Simmons, who has been highly involved in politics with his Hip-hop Action Summits, also predicted Mr. Ehrlich will improve on the 15 percent of the black vote he won in 2002.
"I'm sure he will get a greater percentage [of the black vote] next time around — chip away at the rock," Mr. Simmons said. "Good deeds don't go unnoticed."
Ironically, Simmons campaigned in 2002 for Mr. Ehrlich's Democratic rival, Kathleen Kennedy Townsend. Since being won over by the governor, Simmons credits his criminal-justice reforms with "inspiring" the successful effort led by Simmons' coalition to repeal New York's strict 1973 Rockefeller drug laws.

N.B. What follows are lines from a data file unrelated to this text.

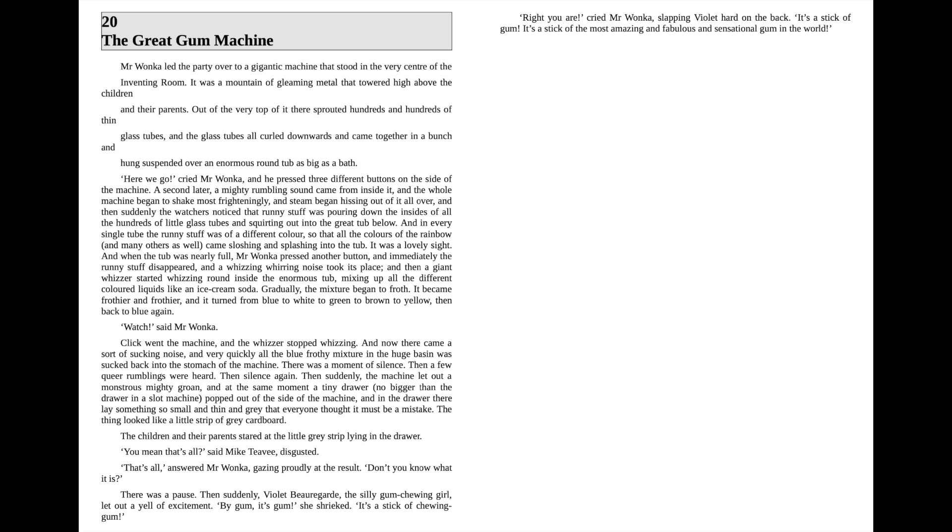There was a pause. Then suddenly, Violet Beauregard, the goofy gum-chewing girl, let out a yell of excitement. By gum! It's gum! she shrieked. It's a stick of chewing gum!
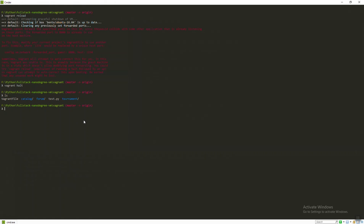If I go to the forum folder and type 'ls', it will show all the files.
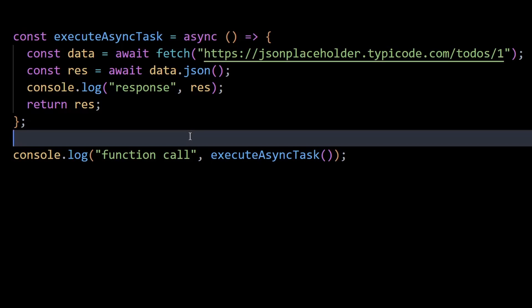In this video, I'll show you exactly how to execute or handle multiple async or API calls in parallel using JavaScript.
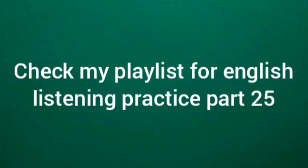Check my playlist, English Listening Practice Part 25. Thank you.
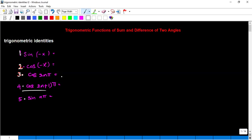Hello everyone. In this session, we will discuss the basic identities of compound angles. Before going into our topic, let us recall the previous topics — previous identities, trigonometric identities.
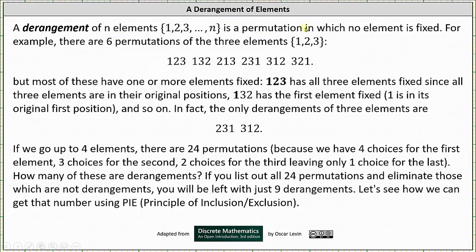Welcome to a lesson on derangements. A derangement of n elements is a permutation in which no element is fixed.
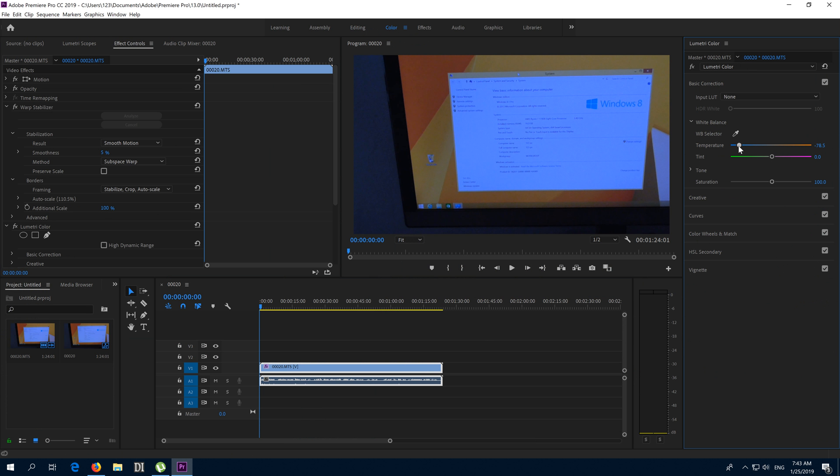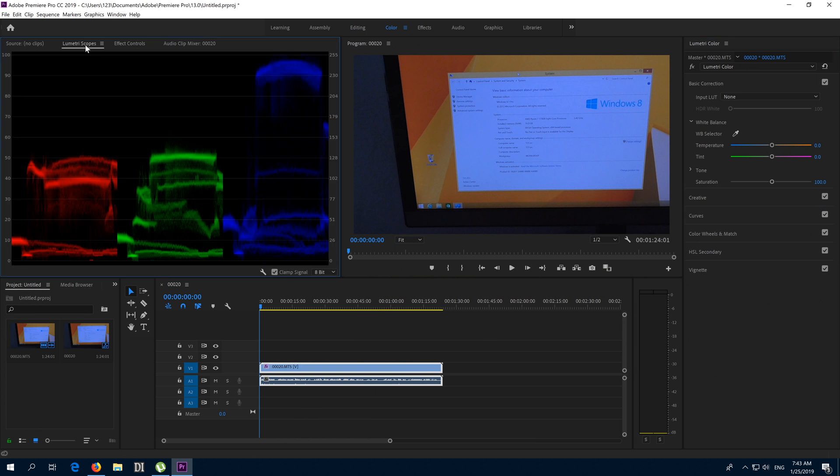...it's even bluer. If I move it to the right, it's much more red, reddish. If you double-click on that circle, you will reset it. If you open this Lumetri Scopes window, you can open it from here also: Window and Lumetri Scopes.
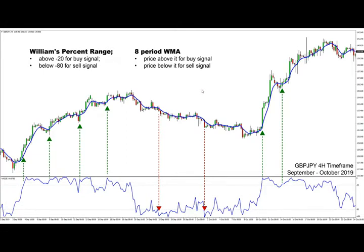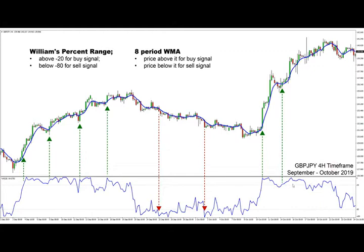Hi traders, welcome to another video. Today I'm going to show you a trading strategy based on the Williams Percent Range indicator, which also uses an eight-period weighted moving average to generate trading signals. I have opened the chart here of the Pound/Japanese Yen currency pair, and I have indicated all the buy and sell signals with the respective green and red arrows.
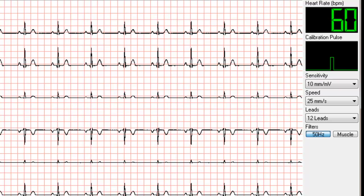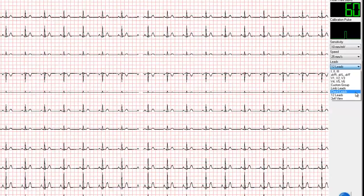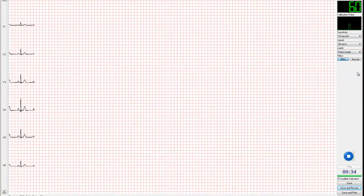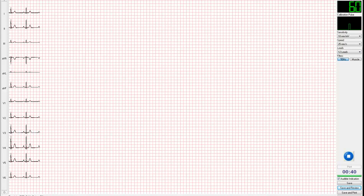The lead display menu provides you with the option to view a variety of different lead views. For example, you can isolate the chest leads. We would recommend that a 12-lead view is used, so that you can see that a good quality trace is being received on all leads.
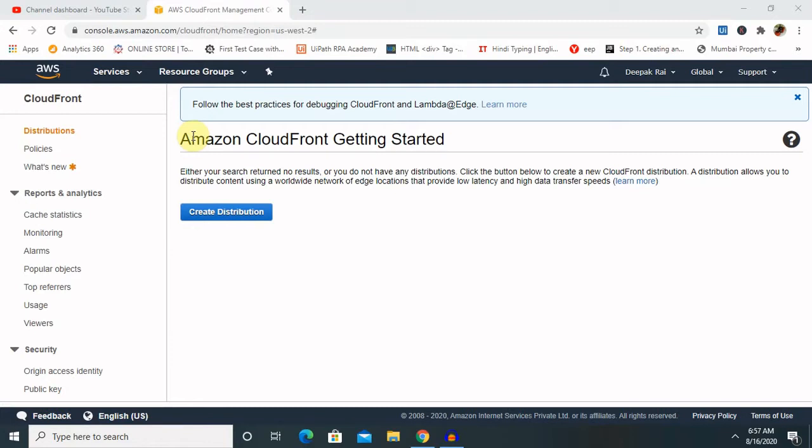CloudFront works seamlessly with services including AWS Shield for DDoS mitigation, Amazon S3, Elastic Load Balancing or Amazon EC2 as origin for your application. Applications can run custom code closer to the customer user and to customize the user experience. Lastly, if you use AWS origins such as Amazon S3, Amazon EC2 or Elastic Load Balancing, we don't pay for any data transfer between these services and CloudFront. We can get started with the content delivery networks in development process as well and there are several benefits attached with that.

"I don't know if we could have done what we did in New York if we hadn't seen Maryland move first," he said.
"Many blacks are very conservative," he continued. "The race issue [has] become less important in this country. It is about economic opportunities. It's about who will be compassionate and giving when it comes to people who need a helping hand."
Baltimore political activist Doni Glover agreed that Mr. Ehrlich has deepened his appeal to urban voters. He cited the governor's justice reforms, focus on minority businesses, and increased spending on Maryland's historic black universities, Morgan State and Coppin State.
"He is doing some things that people are surprised by," said Mr. Glover, who publishes BmoreNews.com, a Black Internet news site for the Washington-Baltimore area. "Coppin State has been underfunded for years. ... You look at Coppin's campus now and there is a lot of construction going on."